Wolseley is a small town in the upper Breede River Valley region of the Western Cape province of South Africa. In the 2011 Census it had a population of 1,528 people. It is located 90 km northeast of Cape Town, in the Land van Waveren valley between the Waterval Mountains to the west and the Witzenberg Mountains to the east.

==Geography==
Wolseley lies at an altitude of 260 m on the watershed between the drainage basins of the Breede River, which flows south to the Indian Ocean, and the Berg River, which flows north to the Atlantic Ocean.
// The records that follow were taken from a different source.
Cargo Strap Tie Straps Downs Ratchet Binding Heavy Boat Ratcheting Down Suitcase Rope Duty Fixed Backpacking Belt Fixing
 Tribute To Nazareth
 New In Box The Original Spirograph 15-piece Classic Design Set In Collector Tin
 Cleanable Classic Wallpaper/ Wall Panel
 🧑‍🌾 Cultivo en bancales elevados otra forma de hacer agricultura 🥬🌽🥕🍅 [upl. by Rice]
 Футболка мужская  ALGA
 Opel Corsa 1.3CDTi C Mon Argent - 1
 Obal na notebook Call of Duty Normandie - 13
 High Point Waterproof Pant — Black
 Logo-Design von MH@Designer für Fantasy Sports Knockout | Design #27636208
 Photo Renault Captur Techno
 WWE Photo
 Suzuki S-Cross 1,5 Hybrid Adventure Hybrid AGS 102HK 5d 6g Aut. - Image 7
It is 15 km south of Tulbagh, 12 km southwest of Ceres, and 35 km northwest of Worcester.

==Government==
Wolseley is divided between wards 2 and 7 of the Witzenberg Local Municipality, which has its headquarters at Ceres.

==Transport==
Wolseley is located just off the R46 regional route, which runs north to Tulbagh and the Nuwekloof Pass to the Swartland, and east over Michell's Pass to Ceres. The R43 regional route begins nearby at a junction with the R46, and runs south to the N1 national route at Worcester. The R43 also connects to the R301 over Bain's Kloof Pass to Wellington.

It is also situated on the main railway line from Cape Town to the interior. Wolseley railway station is served by Metrorail's "Boland Blitz" service, with one train per day in the morning from Worcester to Cape Town, and one in the evening in the other direction. Wolseley is also the junction for the now-closed branch line to Ceres.

==In popular culture==
In the novel Wolseley (2014) by South African author John J le Grange, the town is home to the family of three who travel to Cape Town looking for a better fortune, as well as being the title to the book.